§ **Working data**
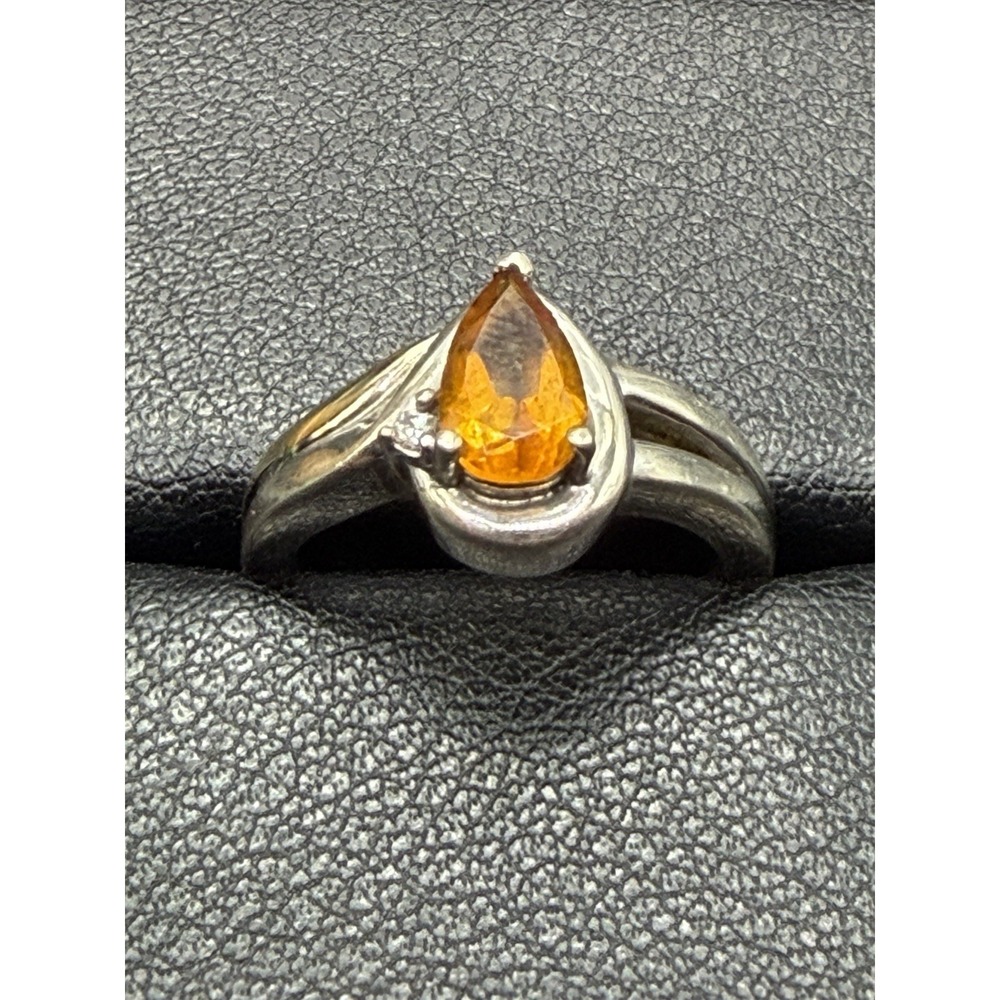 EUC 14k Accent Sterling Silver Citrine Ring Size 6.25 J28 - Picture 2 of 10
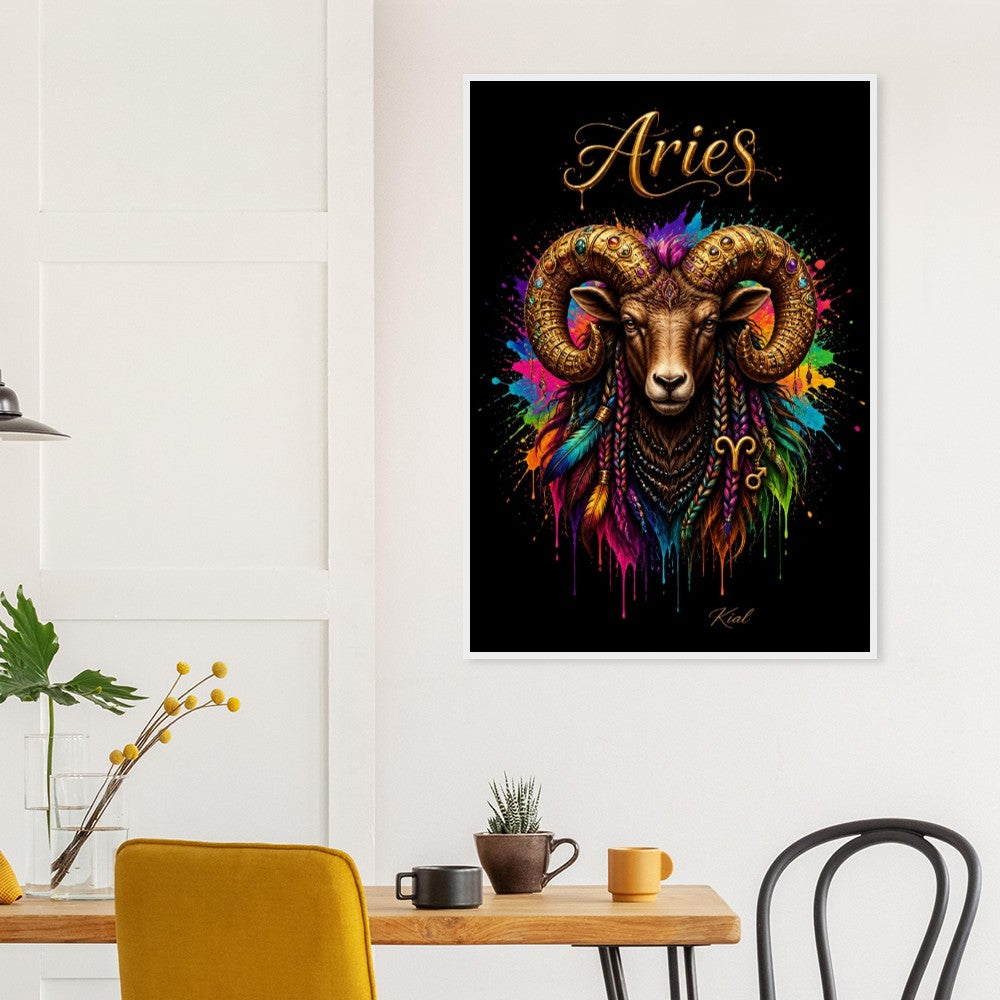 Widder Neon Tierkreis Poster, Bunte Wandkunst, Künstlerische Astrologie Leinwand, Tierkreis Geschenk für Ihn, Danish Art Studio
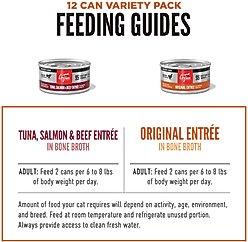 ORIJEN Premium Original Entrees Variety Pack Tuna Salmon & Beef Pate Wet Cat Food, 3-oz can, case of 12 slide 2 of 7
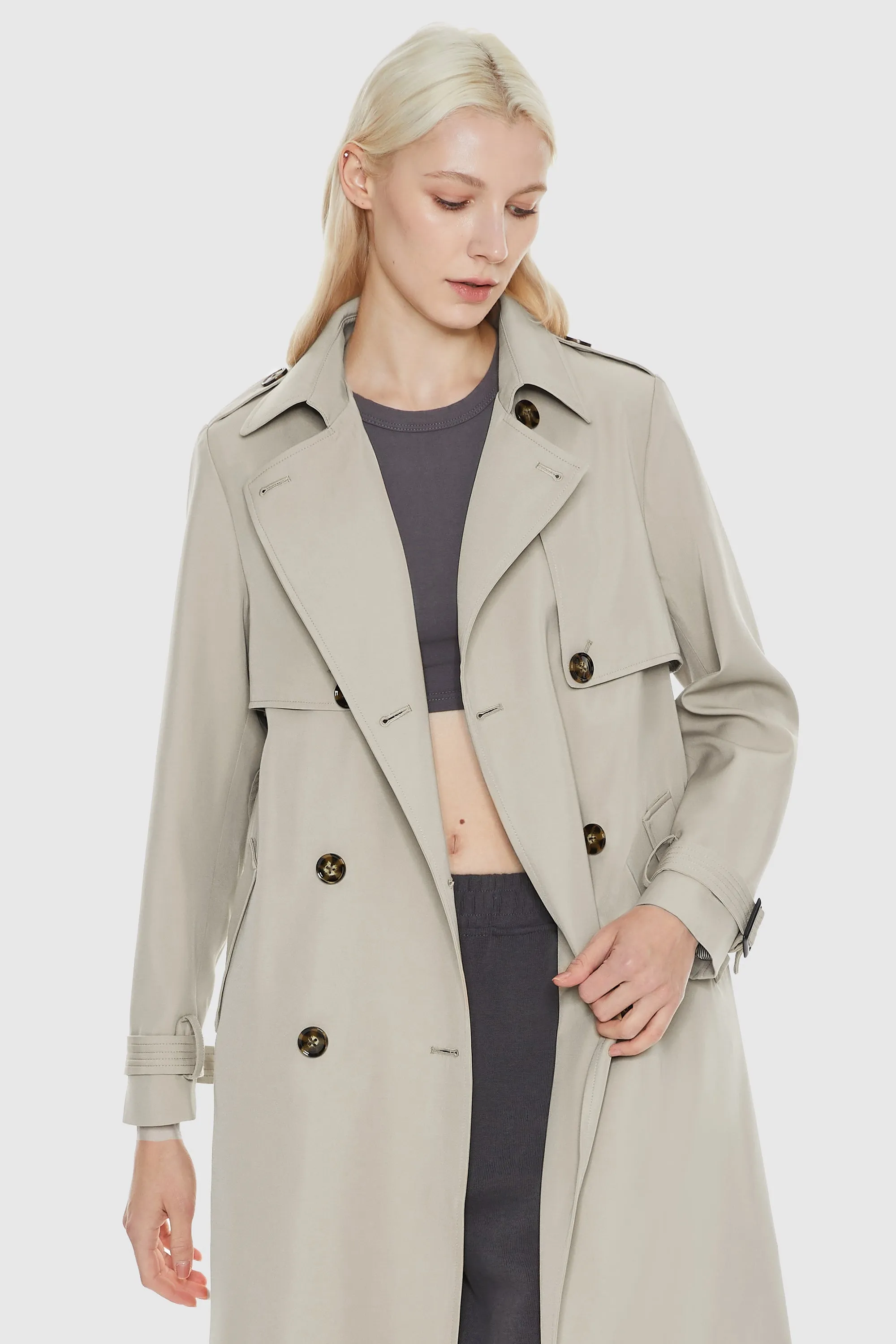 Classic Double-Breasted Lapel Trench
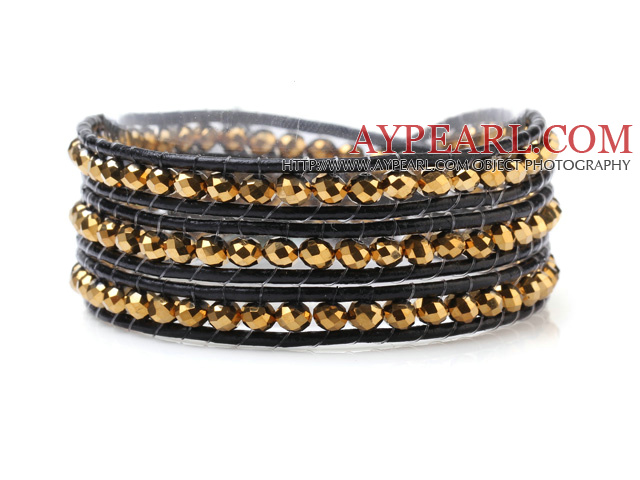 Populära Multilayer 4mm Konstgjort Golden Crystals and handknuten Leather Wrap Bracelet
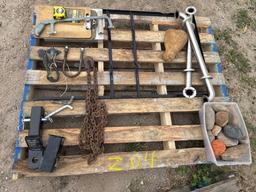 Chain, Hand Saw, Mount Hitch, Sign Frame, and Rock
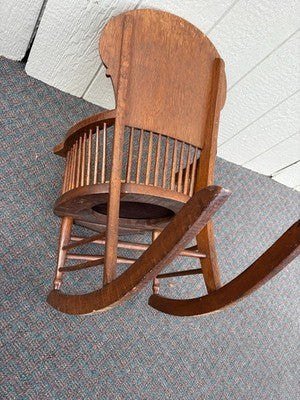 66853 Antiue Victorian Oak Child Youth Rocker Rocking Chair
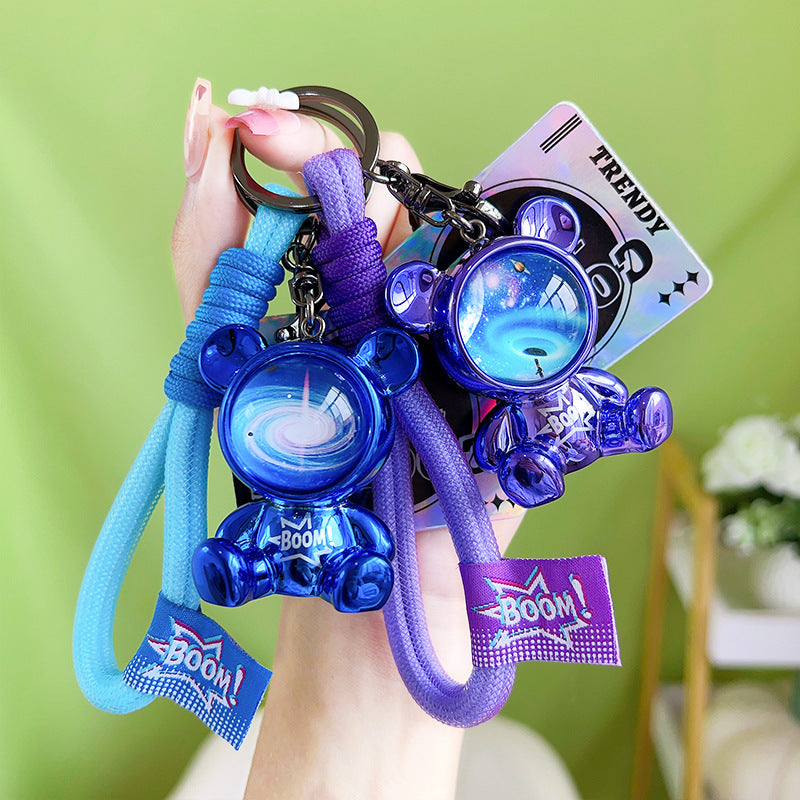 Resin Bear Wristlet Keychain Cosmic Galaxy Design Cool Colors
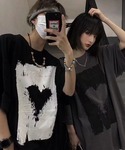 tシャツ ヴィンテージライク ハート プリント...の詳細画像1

§ **Exercise brief**
Verbatim output, no pictures: the line holding "66853 Antiue Victorian" and all lines after it through the last line of the material, with nothing else.

§ **Your response**
 66853 Antiue Victorian Oak Child Youth Rocker Rocking Chair
 Resin Bear Wristlet Keychain Cosmic Galaxy Design Cool Colors
 tシャツ ヴィンテージライク ハート プリント...の詳細画像1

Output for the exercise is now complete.